Hudson looked at Ty, at the tender expression on his face. Ty never mentioned his family, so Hudson felt that his family had given up on him even before he’d headed west to ride the range and tend after cattle. So, of course, to him, a family was one of the most precious things in the world.
“We should reach out to her,” said Ty, pressing his forehead against Hudson’s arm. Hudson clasped the back of Ty’s head and kissed the top of it.
Ty had been right about so many things. Maybe he was right about this, too.
“I don’t know what I would say,” he said. “I’ve been mad at her for a long time.”
“But she didn’t do anything to you,” said Ty. “I mean, did she? She was Roger’s excuse, it sounds like. Look how she’s managing on her own. She could probably use some support.”
“From me, you mean.”
He could see exactly what Ty meant, what Ty thought would be the best solution. That Hudson should get his license, find work and then send money to her. On a regular basis, like an absent father, who would rather send cash than actually be there to support a family.
“Those little boys,” said Ty. “They looked a lot like you. So sweet, and so quiet.”
Hudson didn’t like the images that popped into his head. Of Michelle working at a laundromat—of all places—with both boys nearby, or being looked after by a stranger. All of them living off government support, which was probably quite meager.
All this time, she’d been managing to raise those two boys on her own. And he’d been blaming her. But for what?
Maybe in the beginning, she’d wanted a trophy wife life, with baubles for her wrist, and new cars, a big home. And maybe Roger had encouraged that, getting some kind of status from having a beautiful wife like her. But really, Hudson had no idea how it had been for Michelle.
They’d met a few times before the wedding, and then a few times after that over the years. Roger liked to keep his life private, just like Hudson always had, so he had understood and had never gotten to know Michelle very well.
“I don’t even know what I’d say to her.” Hudson repeated as he ran his hands down his face, looking at the lake and the clouds as they trundled over the ridge. “Or what I could give her. I don’t have any money.”
“Give her you,” said Ty. “I bet all she wants is for someone to talk to.
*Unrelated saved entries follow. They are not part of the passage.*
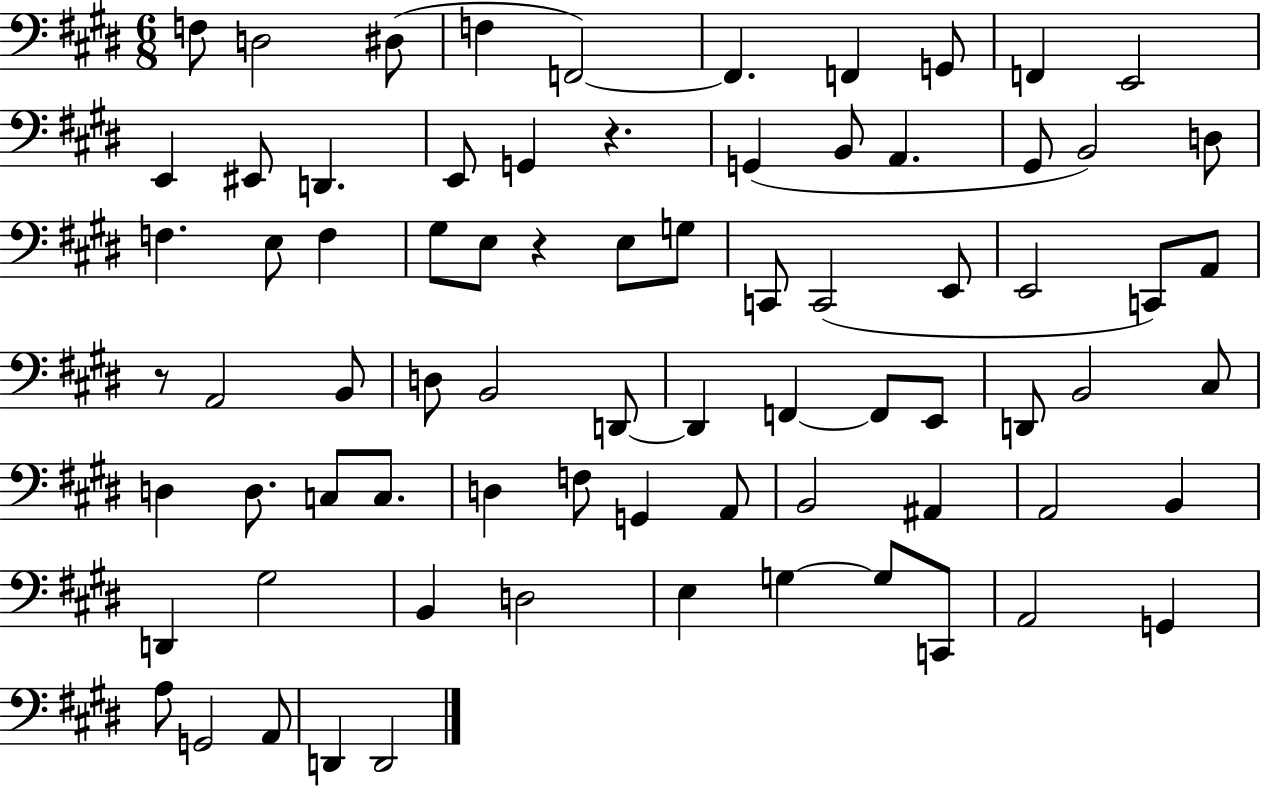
{
  \clef bass
  \numericTimeSignature
  \time 6/8
  \key e \major
  \repeat volta 2 { f8 d2 dis8( | f4 f,2~~) | f,4. f,4 g,8 | f,4 e,2 | \break e,4 eis,8 d,4. | e,8 g,4 r4. | g,4( b,8 a,4. | gis,8 b,2) d8 | \break f4. e8 f4 | gis8 e8 r4 e8 g8 | c,8 c,2( e,8 | e,2 c,8) a,8 | \break r8 a,2 b,8 | d8 b,2 d,8~~ | d,4 f,4~~ f,8 e,8 | d,8 b,2 cis8 | \break d4 d8. c8 c8. | d4 f8 g,4 a,8 | b,2 ais,4 | a,2 b,4 | \break d,4 gis2 | b,4 d2 | e4 g4~~ g8 c,8 | a,2 g,4 | \break a8 g,2 a,8 | d,4 d,2 | } \bar "|."
}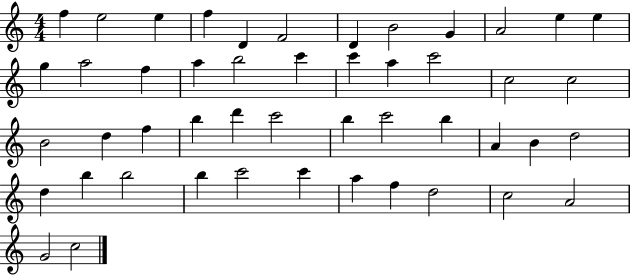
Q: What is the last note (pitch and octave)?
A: C5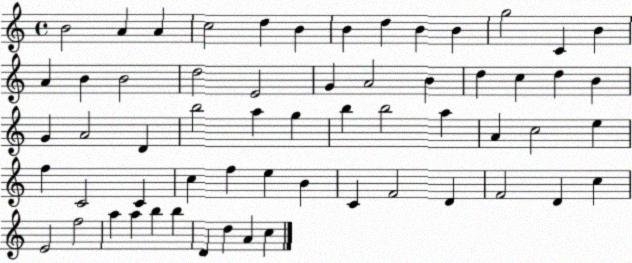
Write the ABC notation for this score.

X:1
T:Untitled
M:4/4
L:1/4
K:C
B2 A A c2 d B B d B B g2 C B A B B2 d2 E2 G A2 B d c d B G A2 D b2 a g b b2 a A c2 e f C2 C c f e B C F2 D F2 D c E2 f2 a a b b D d A c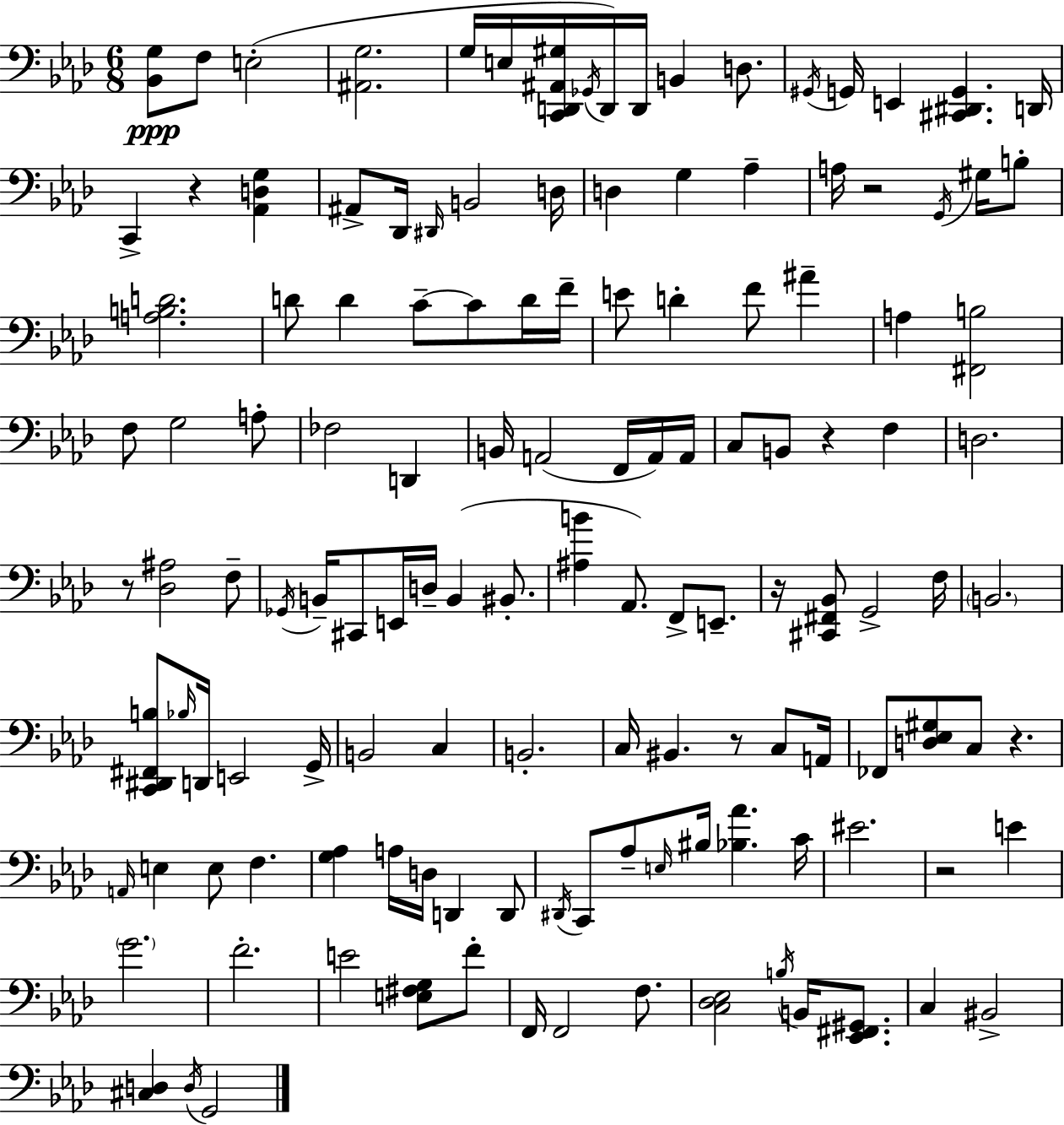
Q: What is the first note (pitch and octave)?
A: F3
Someone to care about those boys the way she does.”
“I don’t know if I can give her that,” said Hudson. “Or if she’ll accept it, the way I just treated her.”
“You never know,” said Ty. “But I think you should try. You have a family, and that’s a good thing. Don’t throw it away.”
“I think you want this for yourself as much as for me,” said Hudson, the honesty pushing out of him in a rush of affection.
“Yeah,” said Ty. “A little.”
“A lot,” said Hudson, clarifying. “And that’s okay. Because I think you’re right. About all of it.”